- _YOUR ASSIGNMENT_
Print out the data precisely as it appears here, with no pictures.

***** EXERCISE MATERIALS

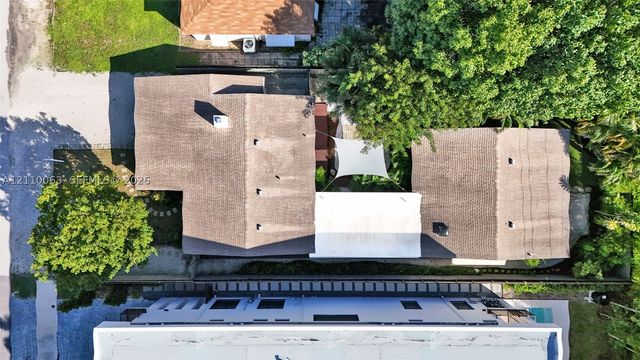 1224 NE 13th Ave 1, Fort Lauderdale, FL 33304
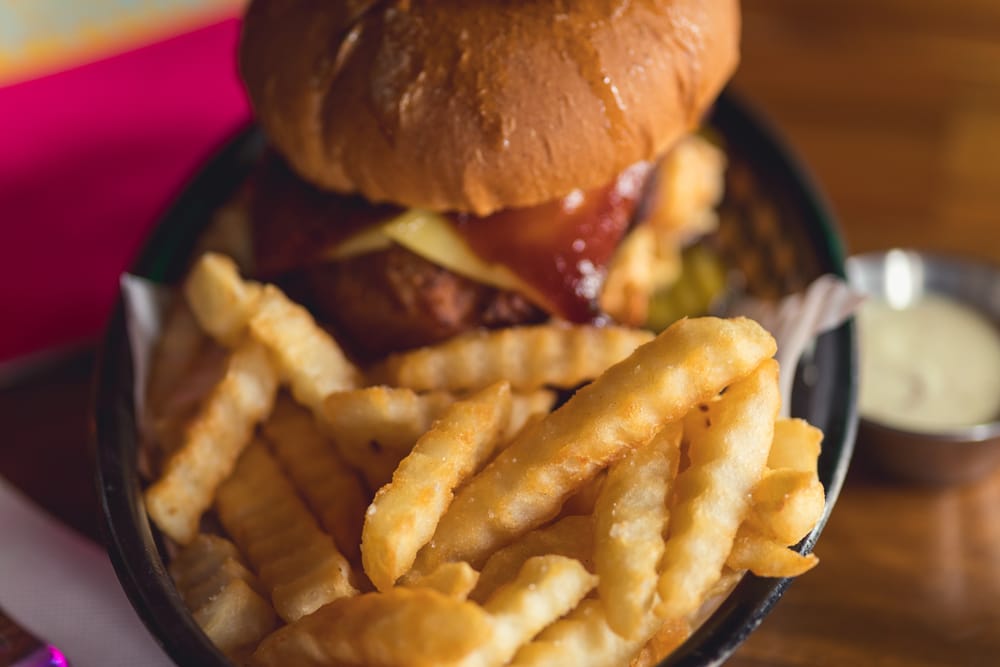 Burger and chips at the Bristol hotel post image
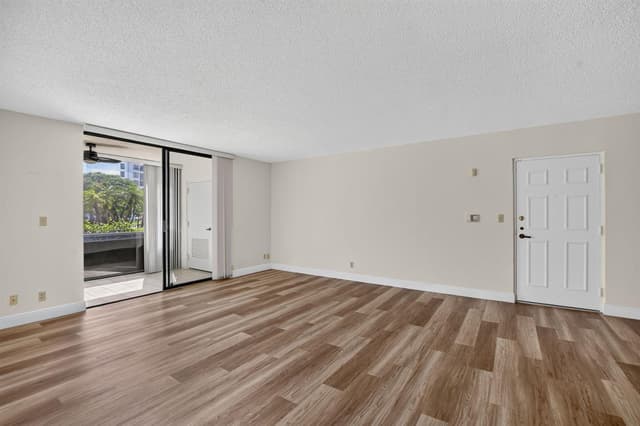 7201 PROMENADE Drive # 101, Boca Raton FL 33433 - Boca Raton, FL - Photo 4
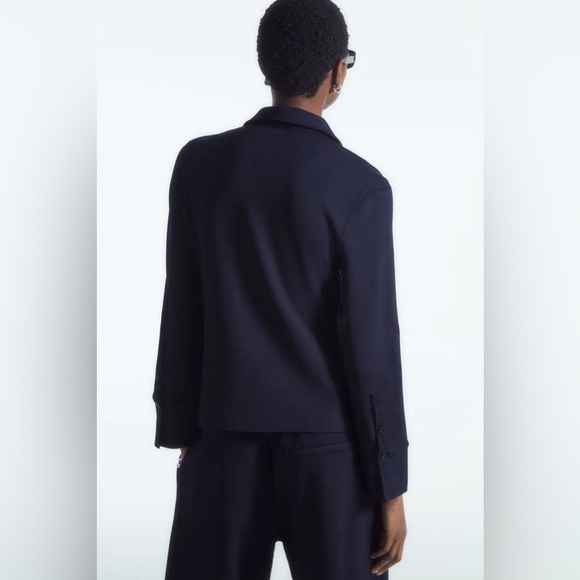 COS Slim Exaggerated Collar Jersey shirt🔥
NWOT - Picture 2 of 13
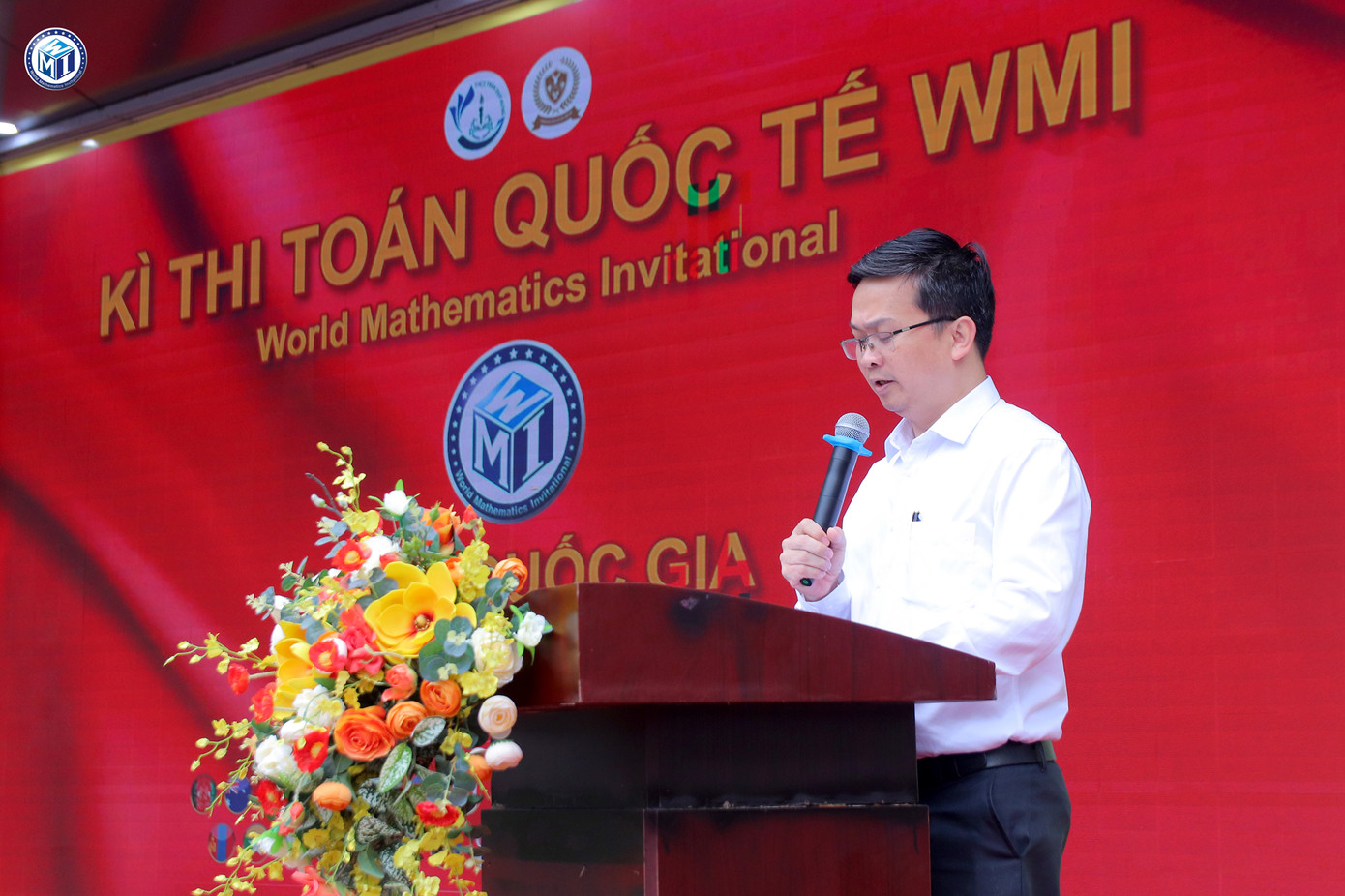 Ông Đặng Trần Xuân – Phó Trưởng phòng Giáo dục Trung học, Sở Giáo dục và Đào tạo thành phố Hà Nội gửi lời động viên đến các thí sinh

**********

- _SOLUTION FOR THIS TASK_
 1224 NE 13th Ave 1, Fort Lauderdale, FL 33304
 Burger and chips at the Bristol hotel post image
 7201 PROMENADE Drive # 101, Boca Raton FL 33433 - Boca Raton, FL - Photo 4
 COS Slim Exaggerated Collar Jersey shirt🔥
NWOT - Picture 2 of 13
 Ông Đặng Trần Xuân – Phó Trưởng phòng Giáo dục Trung học, Sở Giáo dục và Đào tạo thành phố Hà Nội gửi lời động viên đến các thí sinh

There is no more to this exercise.